Всё казалось простым и ясным: поговорить с девушкой, узнать, где жил её отец и начать расследование оттуда. 

Но Кит Синглтон оказалась самым непонятным, самым легкомысленным и вызывающим крайнее раздражение человеком, которого он только встречал за долгие годы. Если бы она не была такой безмозглой, он бы… он бы… 

Мистер Девениш выругался и потянул кисть звонка, чтобы позвать своего камердинера. 

В этот никуда не годный вечер случилась и ещё одна, отчаянно злившая его неприятность.
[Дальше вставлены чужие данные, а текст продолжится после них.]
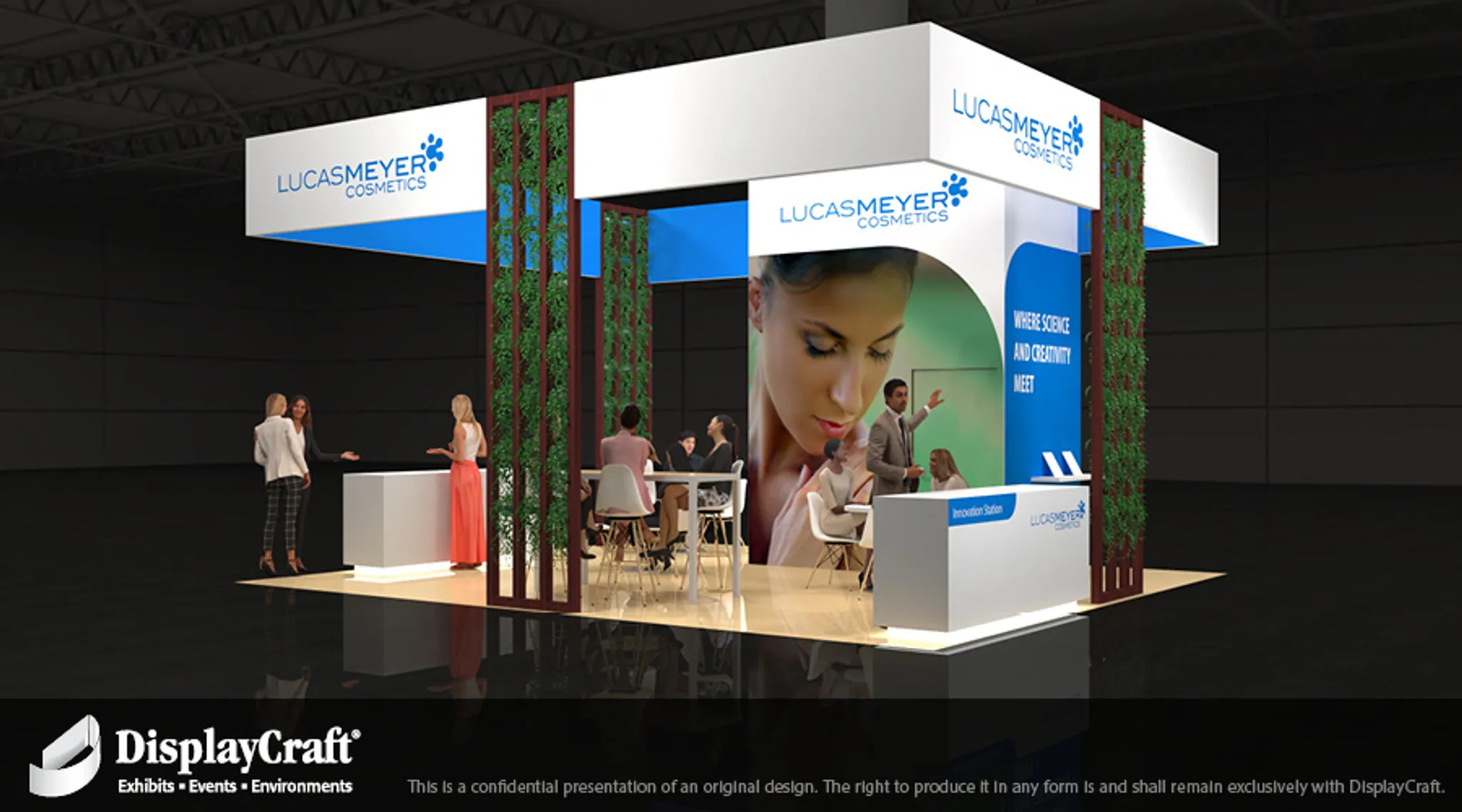 20x20 Island booth design by DisplayCraft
Как, во имя всего святого, могла безмозглая дурочка посреди бальной залы вызвать в нём возбуждение?

Должно быть, это из-за бренди. 

Эти скупые Парсонсы подают своим гостям некачественный бренди! Да, в этом всё дело. Всё из-за второсортной выпивки: головная боль, плохое настроение… девушка. 

Взгляд Хьюго упал на беспечно брошенные на прикроватный столик вещицы из набора, и его лицо помрачнело ещё сильнее. Его золотые часы с изображением феникса, поблёскивавшего рубиновыми глазами. Проклятье, на столе должно быть два предмета, а не один! Превосходное завершение превосходной ночи! Он потерял свою рубиновую булавку для галстука в виде феникса!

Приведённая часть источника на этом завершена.